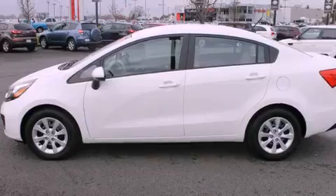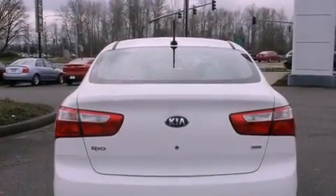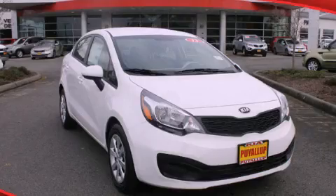All of the following features are included: a folding rear seat, a rear window defroster, a CD player, and an anti-lock braking system. Please call today to reserve this vehicle for a test drive.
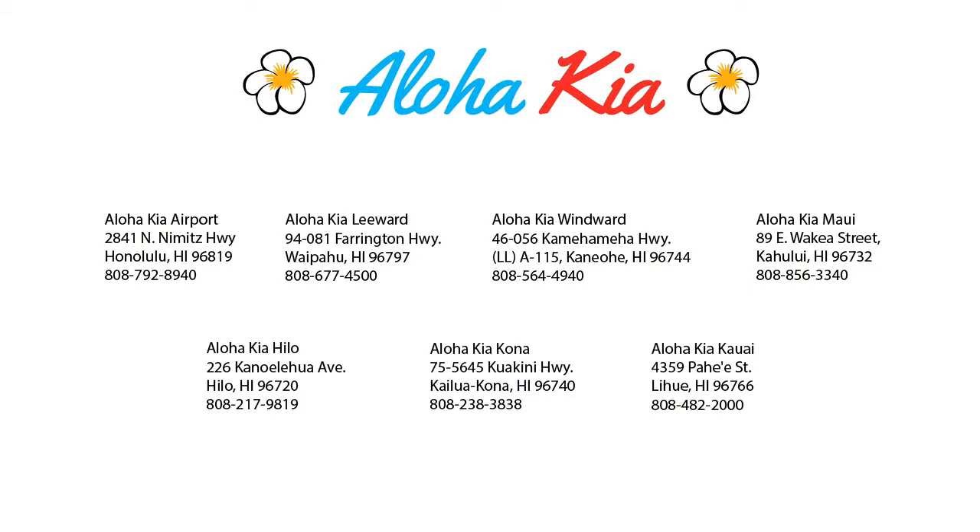So come see us at one of our convenient locations today. And remember, at Aloha Kia, you know a guy.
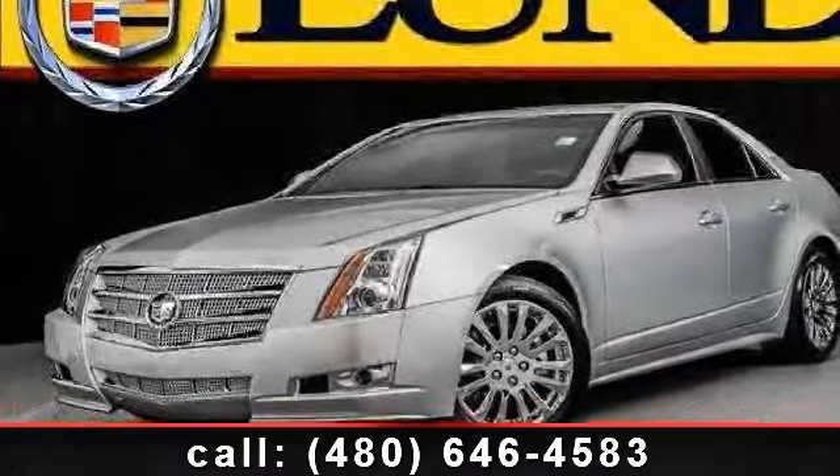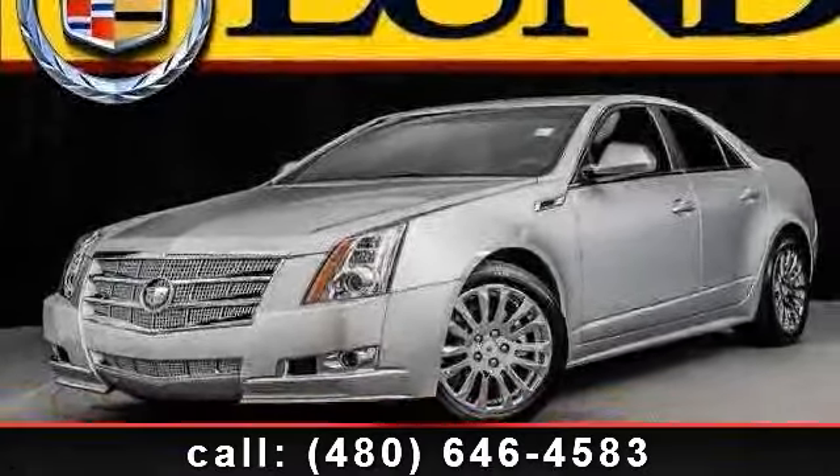Check out this 2011 Cadillac CTS performance. Don't miss this great deal on a luxury vehicle.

(WHAT TO DO): If the data includes images, skip them and copy every line exactly.

(OUTPUT FOR THIS TASK):
All of the following features are included: a folding rear seat, a rear window defroster, a CD player, and an anti-lock braking system. Please call today to reserve this vehicle for a test drive.
So come see us at one of our convenient locations today. And remember, at Aloha Kia, you know a guy.
Check out this 2011 Cadillac CTS performance. Don't miss this great deal on a luxury vehicle.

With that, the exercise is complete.